SUARARAKYAT.info|| Jakarta— Korps Lalu Lintas (Korlantas) Polri akan menggelar Operasi Zebra 2025 mulai 17 hingga 30 November 2025. Operasi ini bertujuan menekan angka pelanggaran dan kecelakaan lalu lintas, sekaligus meningkatkan disiplin berkendara menjelang libur panjang Natal 2025 dan Tahun Baru 2026.
“Menjelang libur panjang Nataru, Operasi Zebra 2025 dilaksanakan sebagai tahap awal penyiapan kondisi tertib berlalu lintas dan edukasi disiplin masyarakat. Operasi ini akan mengedepankan pendekatan humanis, preventif, serta edukatif, dengan fokus utama juga pada penertiban balap liar,” ujar Kakorlantas Polri Irjen Pol. Drs. Agus Suryo Nugroho, S.H., M.Hum., Kamis (13/11/2025).
Ia juga mengajak komunitas ojek online (ojol) serta seluruh elemen masyarakat untuk menjadi pelopor keselamatan di jalan. “Kami berharap kesadaran bersama ini dapat menurunkan angka pelanggaran dan kecelakaan,” tambahnya.
Kesiapan pelaksanaan Operasi Zebra 2025 sebelumnya telah disampaikan oleh Kabagops Korlantas Polri Kombes Pol. Aries Syahbudin dalam Rapat Evaluasi Pelaksanaan Tugas Bidang Regident dan Rakernis Gakkum T.A. 2025 di Bandung, Jawa Barat. Menurutnya, Operasi Zebra merupakan bagian penting dalam mempersiapkan Operasi Lilin, yang fokus pada manusia, kendaraan, serta sarana dan prasarana jalan.
“Operasi Zebra bukan semata penegakan hukum, tetapi juga membangun kesadaran masyarakat agar tertib dan selamat di jalan raya,” kata Kombes Aries, dikutip dari situs resmi Korlantas Polri.
Aries menjelaskan, pelaksanaan Operasi Zebra 2025 diarahkan melalui tiga sasaran utama: mempersiapkan Operasi Lilin, berdasarkan hasil analisis Kamseltibcarlantas tiga bulan terakhir, serta menanggapi fenomena yang berkembang di masyarakat, termasuk penertiban balap liar yang kini menjadi perhatian khusus. Operasi ini tidak hanya fokus pada penindakan, tetapi juga edukasi publik.

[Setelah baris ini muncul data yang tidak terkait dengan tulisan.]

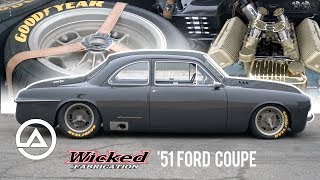 The 14 Million 51 Ford Coupe by Wicked Fabrication  For Bruce Leven [upl. by Doehne]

“Kita tidak lagi menghitung dari jumlah kejadian saja, tapi melihat perbandingan dengan jumlah penduduk dan kendaraan. Jadi, tidak selalu Polda besar yang paling tinggi tingkat pelanggarannya,” jelasnya.

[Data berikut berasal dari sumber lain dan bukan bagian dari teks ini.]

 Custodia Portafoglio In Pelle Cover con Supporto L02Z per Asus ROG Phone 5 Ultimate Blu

Dalam rapat tersebut, Kombes Aries juga menyoroti keberhasilan Operasi Patuh yang sebelumnya menindak kendaraan overload dan overdimension. “Dampaknya cukup besar hingga menjadi pembahasan di tingkat kementerian dan lintas sektoral,” ujarnya.
Dari hasil analisis Korlantas, dalam tiga bulan terakhir tercatat 639.739 pelanggaran lalu lintas di seluruh Indonesia, mayoritas dilakukan oleh pengguna sepeda motor berusia produktif 26–45 tahun. Meskipun idealnya 95 persen penindakan dilakukan melalui sistem Electronic Traffic Law Enforcement (ETLE), kenyataannya tilang manual di lapangan masih cukup tinggi. Untuk itu, Korlantas akan memperluas penggunaan ETLE handheld di wilayah yang belum memiliki kamera statis.

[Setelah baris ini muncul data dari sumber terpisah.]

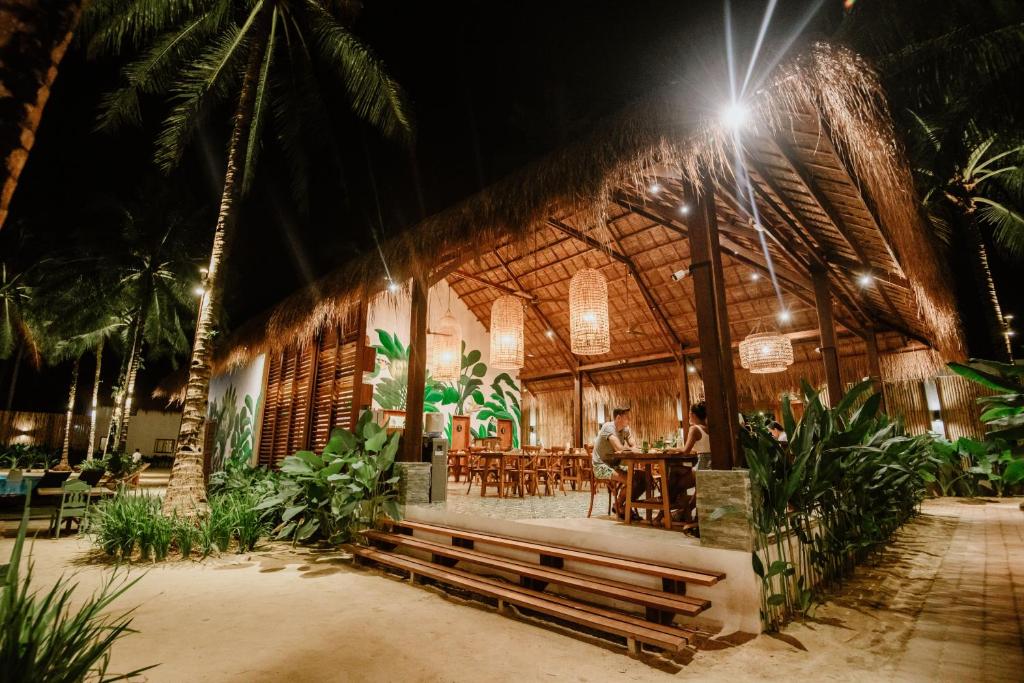 Zahrada ubytování Las Palmas Villas and Casitas Siargao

“Tilang tetap bisa digunakan, tapi porsinya tetap 95 persen ETLE dan 5 persen manual, khusus wilayah yang belum punya ETLE statis atau untuk pelanggaran yang benar-benar perlu ditilang,” terang Kombes Aries.
Selain penertiban balap liar, Operasi Zebra 2025 juga akan memperkuat pendataan melalui Sistem Informasi Satuan Operasi (SISLAOPS) Korlantas Polri. Data kendaraan yang terjaring akan diintegrasikan dengan Samsat untuk memudahkan pengawasan saat perpanjangan kendaraan.
“Pendekatan yang kita ambil tetap humanis. Kendaraan yang belum lengkap tidak bisa keluar sebelum dilengkapi. Walau hanya teguran, semua harus sesuai prosedur, dan ini akan kita ekspos di media agar masyarakat memahami bahwa Operasi Zebra bersifat edukatif, bukan represif,” tegasnya.